B) A liturgia exprime a fé da Igreja em sentido amplo

Mas deve afirmar-se algo mais. A liturgia é, ela própria, expressão da fé da Igreja na medida em que existe uma profunda relação entre o mistério da salvação -ou os mistérios da fé- e a sua expressão ritual ou litúrgica. Com efeito, os mistérios da fé, enquanto acontecimentos salvíficos, não são apenas objecto da fé da Igreja ensinada pela revelação divina, mas também enquanto constituem o conteúdo da celebração. Voltando ao axioma “lex orandi - lex credendi”, o seu significado e alcance põem em relevo, antes de mais, a adequação entre as verdades da fé e a sua celebração na liturgia.
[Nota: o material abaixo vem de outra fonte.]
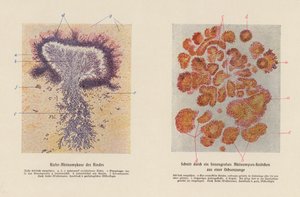 Actinomyces bovis (litografia kolorowa) autorstwa German School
De facto, a liturgia reflecte sempre uma doutrina da fé e um certo ensinamento, embora a sua finalidade primeira não seja a de instruir. Na maioria dos casos a liturgia pressupõe e segue a fé revelada e ensinada pela Igreja no seu magistério, reafirmando-a na vida dos crentes. Mas por vezes a liturgia precede a fé proposta pela Igreja, constituindo um factor muito poderoso da sua explicitação, por exemplo nalguns dogmas marianos.12 Não obstante, não é à liturgia que pertence propor a doutrina da fé, mas ao magistério da Igreja. Neste sentido, foi muito importante a referência ao Catecismo da Igreja Católica que fiz no princípio, seguindo os ensinamentos do Beato João Paulo II e de Bento XVI. Por outro lado, a liturgia não costuma estabelecer com precisão ou fixar fórmulas de fé, mas limita-se a maior parte das vezes, a manifestar o sentir comum ou histórico acerca de um mistério da fé. Com efeito, na liturgia há textos que têm uma procedência histórica muito concreta e que correspondem a um momento determinado do ponto de vista da história do dogma e das controvérsias teológicas. Por este motivo, ao estudar um texto ou um determinado testemunho da liturgia, há que realizar análises pacientes e contrastadas que ajudem a distinguir o que é expressão particular de uma época ou de um possível autor, daquilo que constitui o conteúdo verdadeiramente universal da fé da Igreja, afirmada “sempre e em toda a parte”. 

C) A liturgia tem valor de “lugar teológico”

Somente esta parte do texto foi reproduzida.